## Your task:
Set down the first line below and each line after it, ending with the one that holds "WINNIPEG, CANADA - JUNE". Pictures do not belong in the copy.

===== Available data =====

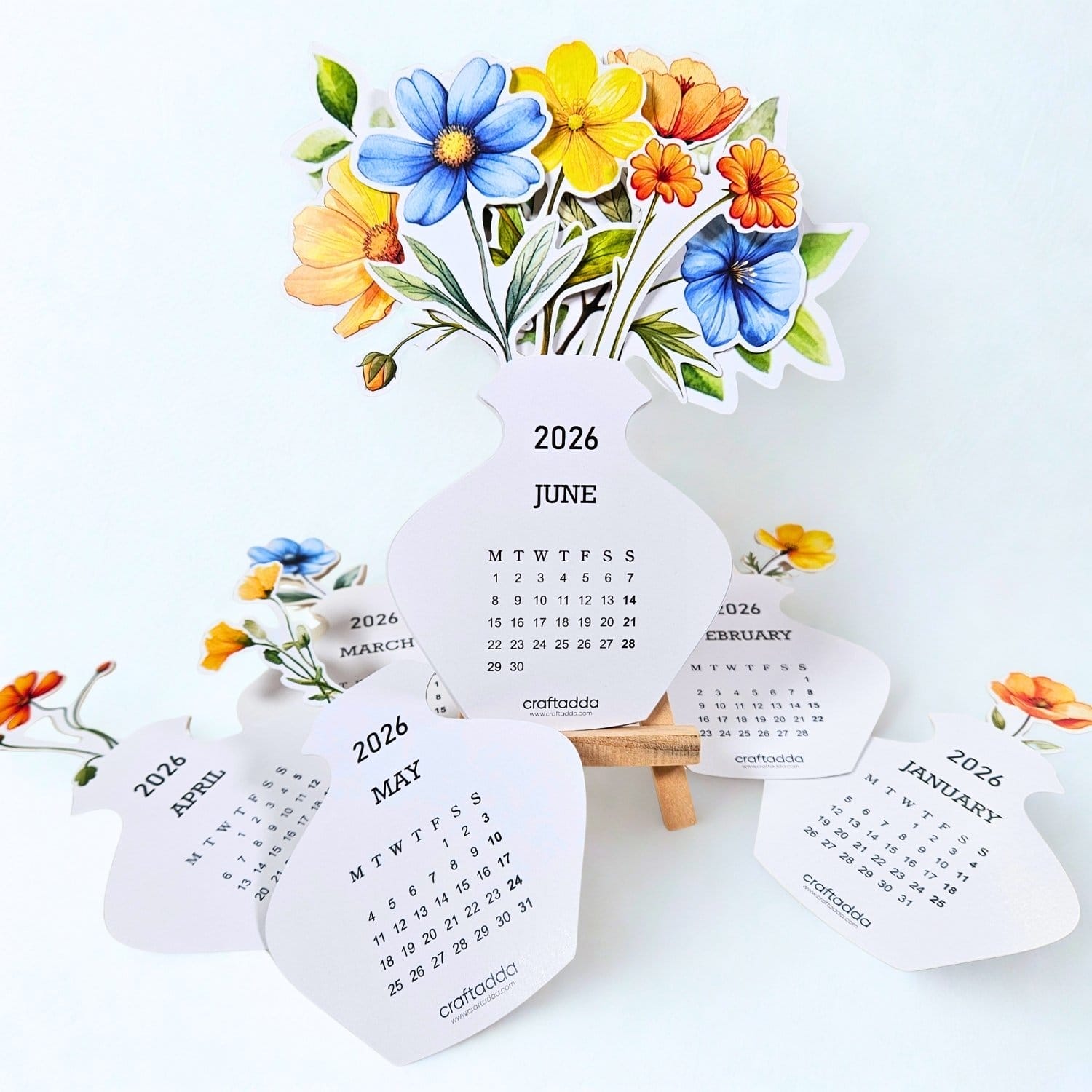 CrafTanglesCalendar floral bouqet 2026 4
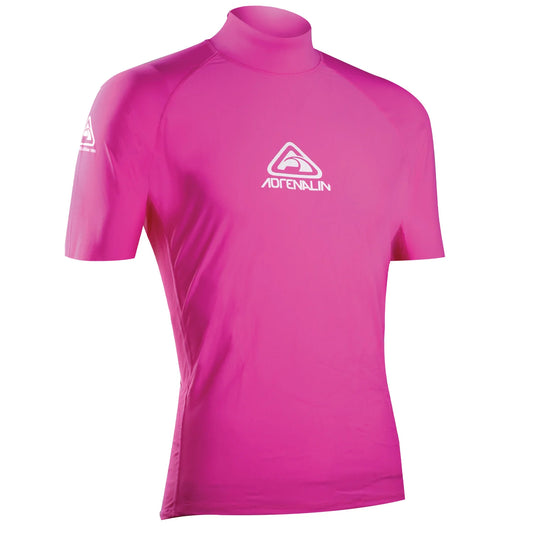Adrenalin Junior Vivid Short Sleeve Rash Vest 50+UV - Hot Pink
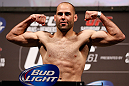 WINNIPEG, CANADA - JUNE 14:  Kenny Robertson weighs in during the UFC 161 weigh-in at the MTS Centre on June 14, 2013 in Winnipeg, Manitoba, Canada.  (Photo by Josh Hedges/Zuffa LLC/Zuffa LLC via Getty Images)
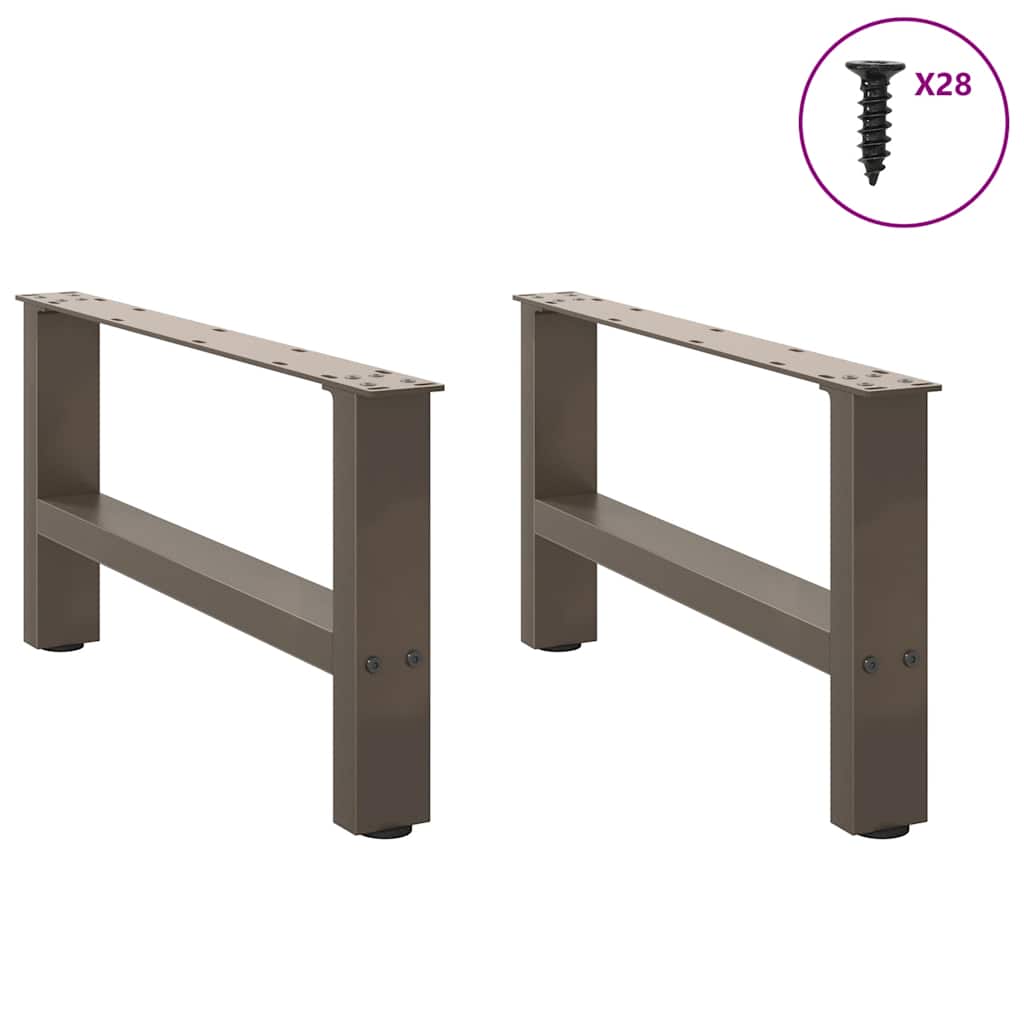 Gambe per Tavolino da CaffÃ¨ in Acciaio Naturale 2 pz 70x(30-31) cm Acciaio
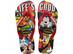 Chinelo Havaianas Top D Classics Branco/Vermelho Hibisco Tam 37-38 - 0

=====

## Solution to the problem:
 CrafTanglesCalendar floral bouqet 2026 4
Adrenalin Junior Vivid Short Sleeve Rash Vest 50+UV - Hot Pink
 WINNIPEG, CANADA - JUNE 14:  Kenny Robertson weighs in during the UFC 161 weigh-in at the MTS Centre on June 14, 2013 in Winnipeg, Manitoba, Canada.  (Photo by Josh Hedges/Zuffa LLC/Zuffa LLC via Getty Images)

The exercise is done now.